At the lesson level, there are supports to engage ELs in grade-level content and develop knowledge of the subject matter. These involve oral language development and reading and writing activities. The Teacher Edition and Implementation Guide outline these features. Examples include:

• Language Objective, “In addition to a content objective, each lesson has a language objective that identifies a linguistic focus of the lesson for English Learners. The language objective also identifies the Math Language Routine of the lesson.”

• Math Language Routine, “Each lesson has at least one Math Language Routine specifically designed to engage English Learners in math and language.” Math Language Routines (MLR), listed and described in the Implementation Guide include: Stronger and Clearer Each Time, Collect and Display, Critique, Correct, and Clarify, Information Gap, Co-Craft Questions and Problems, Three Reads, Compare and Connect, Discussion Supports.

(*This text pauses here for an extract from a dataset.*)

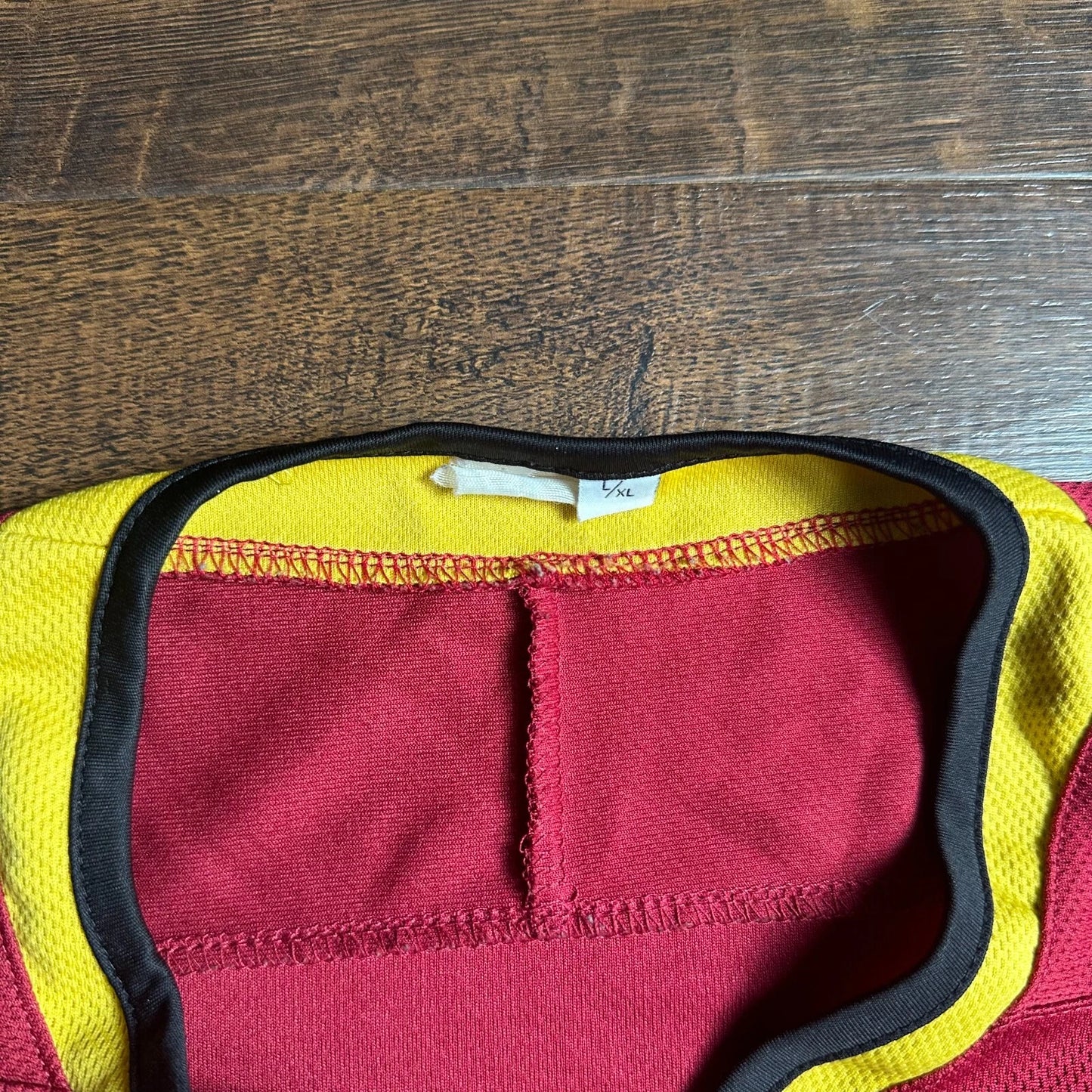 Vintage 1990's Unisex Children Red Chicago Wolves IHL Hockey Shirt Size L/XL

• English Learner Scaffolds, “English Learner Scaffolds provide teachers with scaffolded instruction to help students make meaning of math vocabulary, ideas, and concepts in context. The three levels of scaffolding within each lesson - Entering/Emerging, developing/Expanding, and Bridging/Reaching are based on the 5 proficiency levels of the WIDA English Language development Standards. With these three levels, teachers can scaffold instruction to the appropriate level of language proficiency of their students.”

• Language of Math, ”The Language of Math feature promotes the development of key vocabulary terms that support how we talk about and think about math in the context of the lesson content.”

• Number Routines such as “Would You Rather?” or “Math Pictures” and Sense-Making Routines such as “Notice and Wonder” or “Which Doesn’t Belong?” provide opportunities to develop and strengthen number sense and problem solving through discussion or written responses.

Most materials are available in Spanish such as the Student Edition, Student Practice Book (print), Student eBook, Math Replay Videos, eGlossary, and Family Letter (digital).

The materials reviewed for Reveal Math Grade 1 meet expectations for providing manipulatives, both virtual and physical, that are accurate representations of the mathematical objects they represent, and when appropriate, are connected to written methods.

Physical manipulatives needed for each unit and lesson can be found in the Teacher Edition, Unit Planner, at the beginning of each unit under “Materials to Gather”. Each lesson also identifies needed materials in the “Materials” section on the first page of each lesson.

Virtual manipulatives can be found online under “e-Toolkit”. Manipulatives are used throughout the program to help students develop a concept or explain their thinking. They are used to develop conceptual understanding and connect concrete representations to a written method.